**Task instructions**
From the entries below, reproduce exactly the line containing "A Vernon company", the line containing "For this practical", and every line in between, with nothing added.

**Data shown**
^^^^
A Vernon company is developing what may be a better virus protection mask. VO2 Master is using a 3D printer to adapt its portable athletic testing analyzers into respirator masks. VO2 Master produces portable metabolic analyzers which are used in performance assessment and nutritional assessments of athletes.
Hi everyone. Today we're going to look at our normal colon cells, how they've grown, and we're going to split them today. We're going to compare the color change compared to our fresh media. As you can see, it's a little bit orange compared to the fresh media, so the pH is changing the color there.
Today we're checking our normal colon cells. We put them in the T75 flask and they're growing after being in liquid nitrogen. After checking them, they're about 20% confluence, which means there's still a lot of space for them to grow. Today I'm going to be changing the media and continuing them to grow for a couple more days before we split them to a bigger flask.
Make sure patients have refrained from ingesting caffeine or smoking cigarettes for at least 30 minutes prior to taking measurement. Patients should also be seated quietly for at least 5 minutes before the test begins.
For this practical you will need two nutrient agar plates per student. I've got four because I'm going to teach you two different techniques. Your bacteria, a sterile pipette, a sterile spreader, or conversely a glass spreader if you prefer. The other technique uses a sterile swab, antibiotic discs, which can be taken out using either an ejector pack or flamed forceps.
^^^^
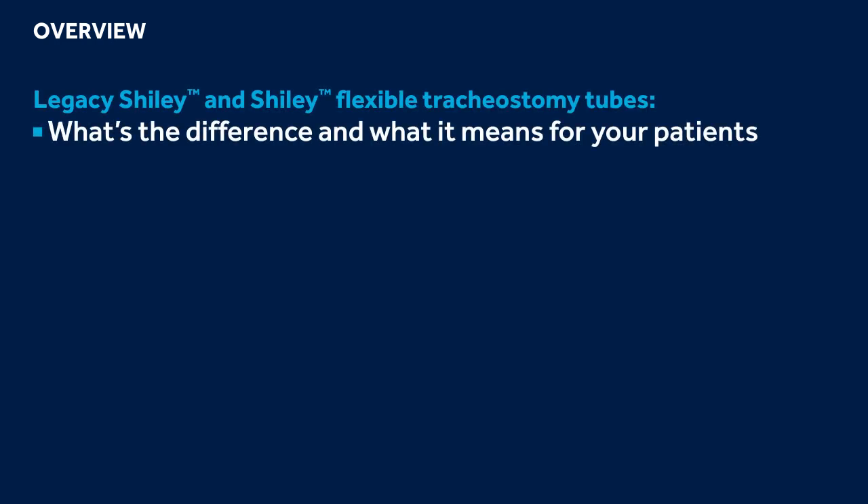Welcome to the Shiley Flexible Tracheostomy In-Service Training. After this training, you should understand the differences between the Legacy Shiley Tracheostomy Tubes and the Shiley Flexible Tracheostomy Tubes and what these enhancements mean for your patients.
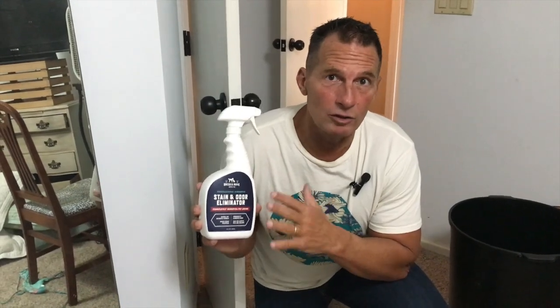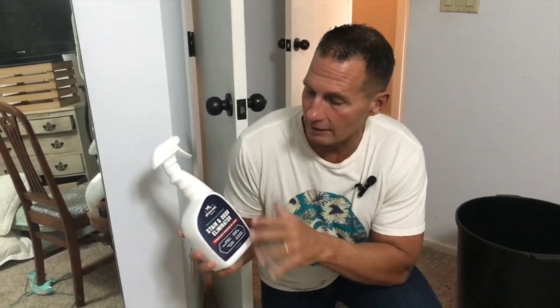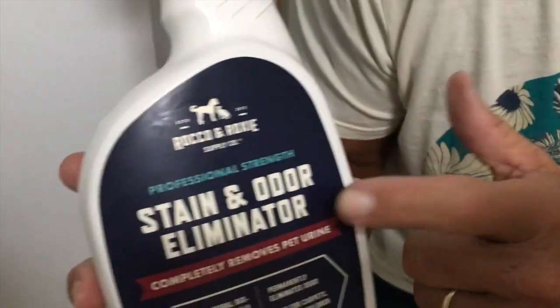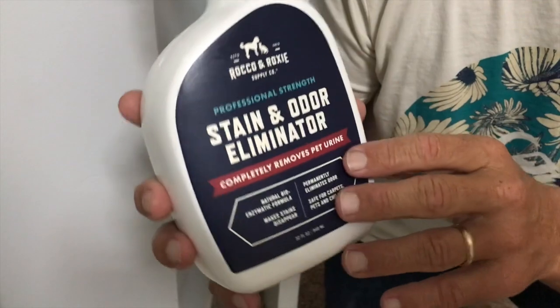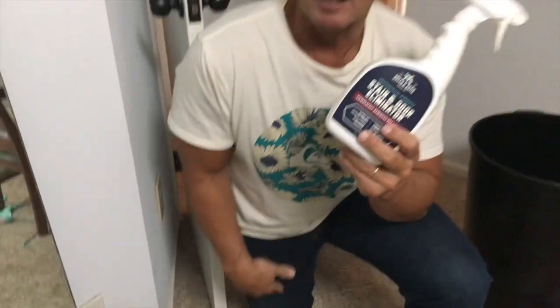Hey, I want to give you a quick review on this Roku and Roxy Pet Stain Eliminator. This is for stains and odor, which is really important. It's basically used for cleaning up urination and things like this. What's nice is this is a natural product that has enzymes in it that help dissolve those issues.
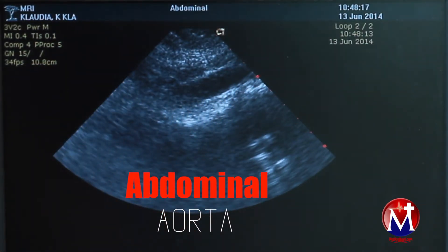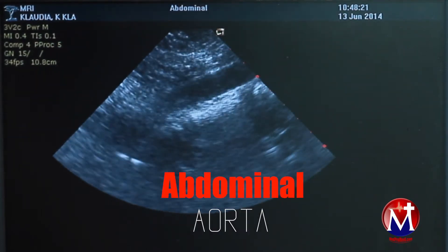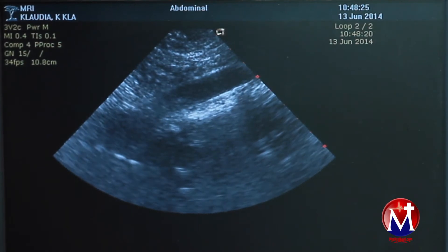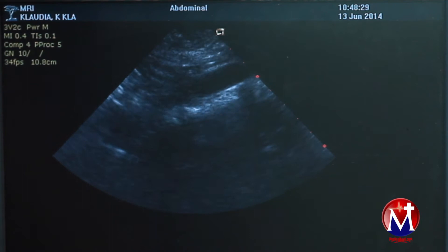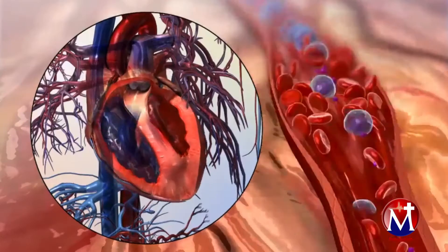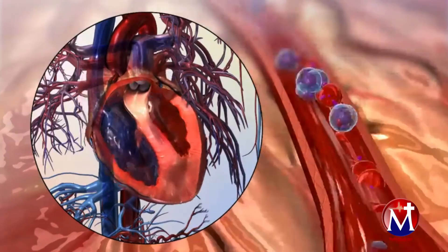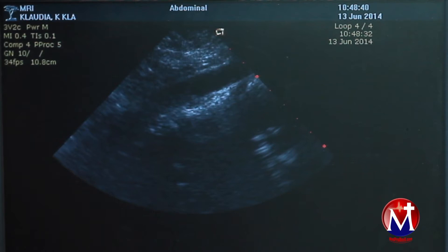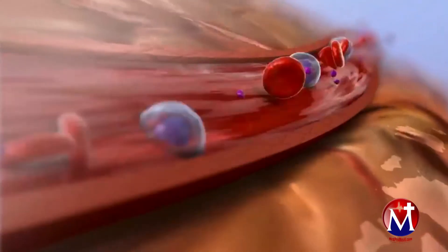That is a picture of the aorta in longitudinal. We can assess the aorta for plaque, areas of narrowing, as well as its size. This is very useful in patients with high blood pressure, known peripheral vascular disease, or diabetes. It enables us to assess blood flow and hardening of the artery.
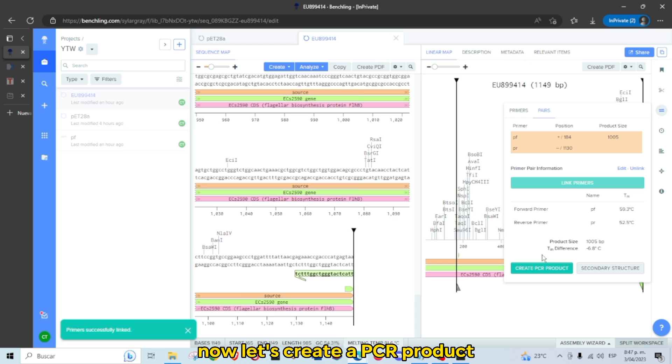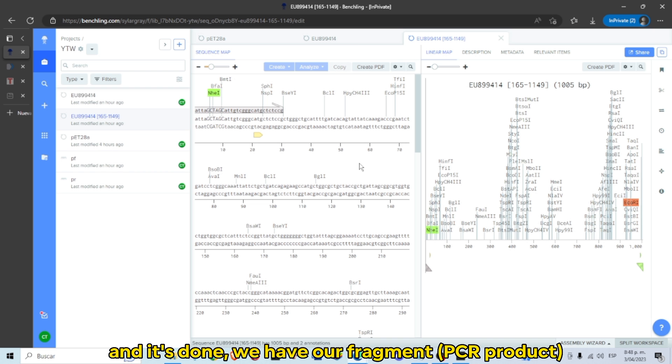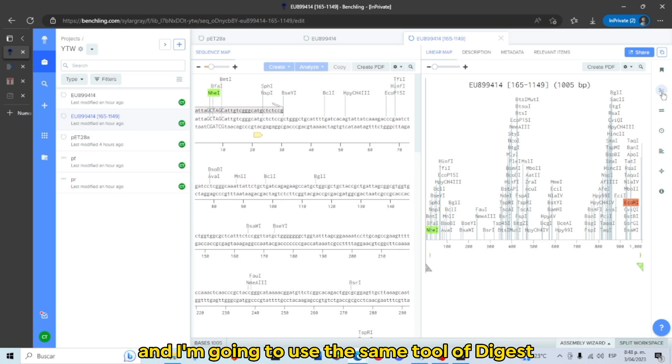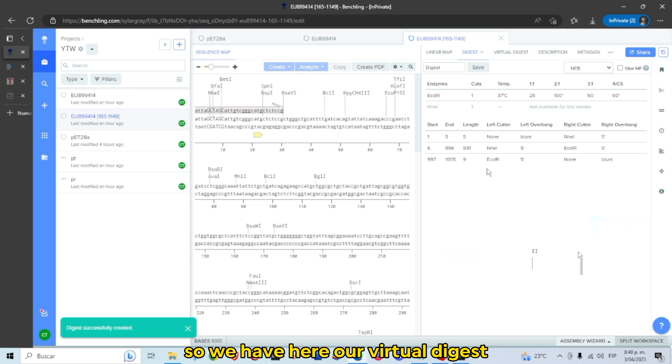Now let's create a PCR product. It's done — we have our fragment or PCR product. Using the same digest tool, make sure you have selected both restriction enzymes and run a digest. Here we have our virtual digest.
^^^^
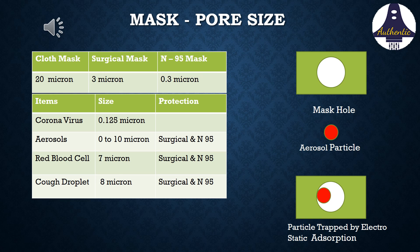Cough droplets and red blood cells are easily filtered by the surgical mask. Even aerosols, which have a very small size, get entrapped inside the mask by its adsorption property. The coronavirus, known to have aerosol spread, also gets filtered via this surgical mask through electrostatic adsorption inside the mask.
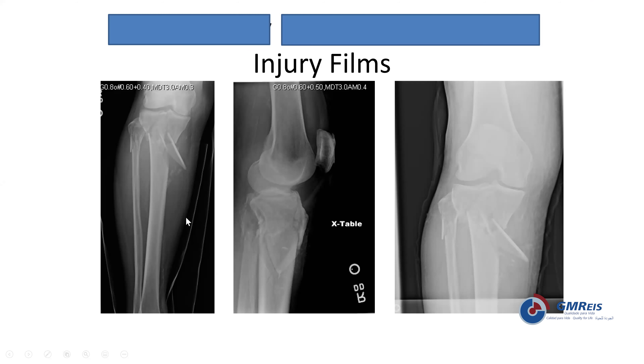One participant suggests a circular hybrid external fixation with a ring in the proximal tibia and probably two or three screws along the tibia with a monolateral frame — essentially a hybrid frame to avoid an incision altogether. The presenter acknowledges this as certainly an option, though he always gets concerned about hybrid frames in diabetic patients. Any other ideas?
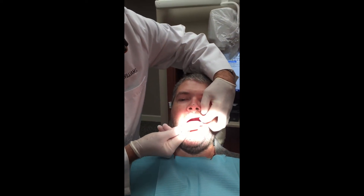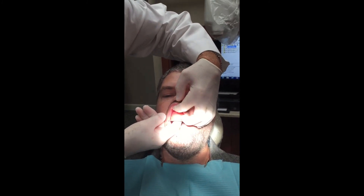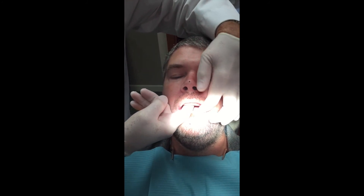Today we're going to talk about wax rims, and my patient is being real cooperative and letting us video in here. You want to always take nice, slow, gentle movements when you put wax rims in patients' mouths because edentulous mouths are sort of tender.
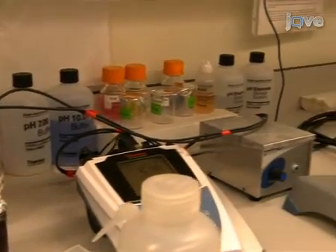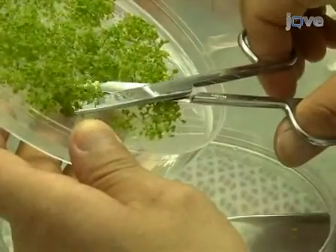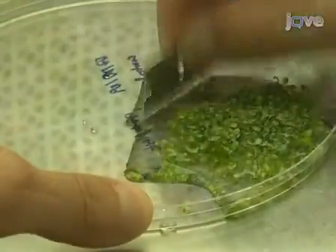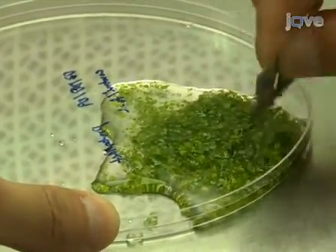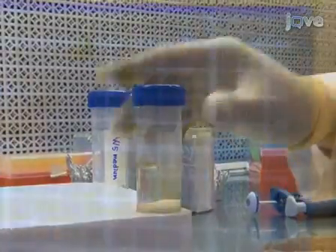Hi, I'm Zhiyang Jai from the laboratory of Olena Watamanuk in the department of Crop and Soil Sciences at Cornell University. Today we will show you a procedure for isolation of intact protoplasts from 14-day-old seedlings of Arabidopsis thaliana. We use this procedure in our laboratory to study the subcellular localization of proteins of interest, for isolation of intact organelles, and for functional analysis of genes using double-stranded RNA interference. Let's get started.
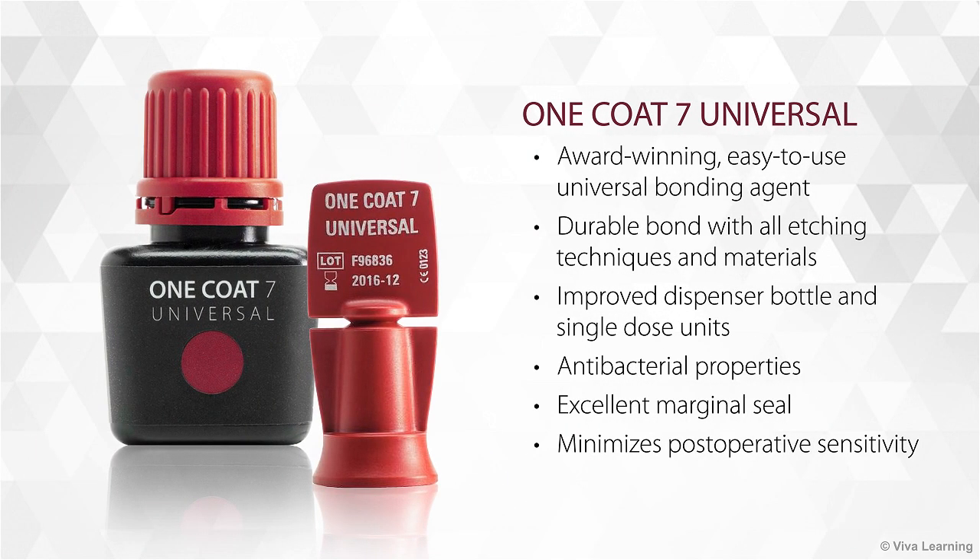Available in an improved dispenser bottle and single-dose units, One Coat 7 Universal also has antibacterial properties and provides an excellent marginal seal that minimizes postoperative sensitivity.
^^^^
**Written solution**
A Vernon company is developing what may be a better virus protection mask. VO2 Master is using a 3D printer to adapt its portable athletic testing analyzers into respirator masks. VO2 Master produces portable metabolic analyzers which are used in performance assessment and nutritional assessments of athletes.
Hi everyone. Today we're going to look at our normal colon cells, how they've grown, and we're going to split them today. We're going to compare the color change compared to our fresh media. As you can see, it's a little bit orange compared to the fresh media, so the pH is changing the color there.
Today we're checking our normal colon cells. We put them in the T75 flask and they're growing after being in liquid nitrogen. After checking them, they're about 20% confluence, which means there's still a lot of space for them to grow. Today I'm going to be changing the media and continuing them to grow for a couple more days before we split them to a bigger flask.
Make sure patients have refrained from ingesting caffeine or smoking cigarettes for at least 30 minutes prior to taking measurement. Patients should also be seated quietly for at least 5 minutes before the test begins.
For this practical you will need two nutrient agar plates per student. I've got four because I'm going to teach you two different techniques. Your bacteria, a sterile pipette, a sterile spreader, or conversely a glass spreader if you prefer. The other technique uses a sterile swab, antibiotic discs, which can be taken out using either an ejector pack or flamed forceps.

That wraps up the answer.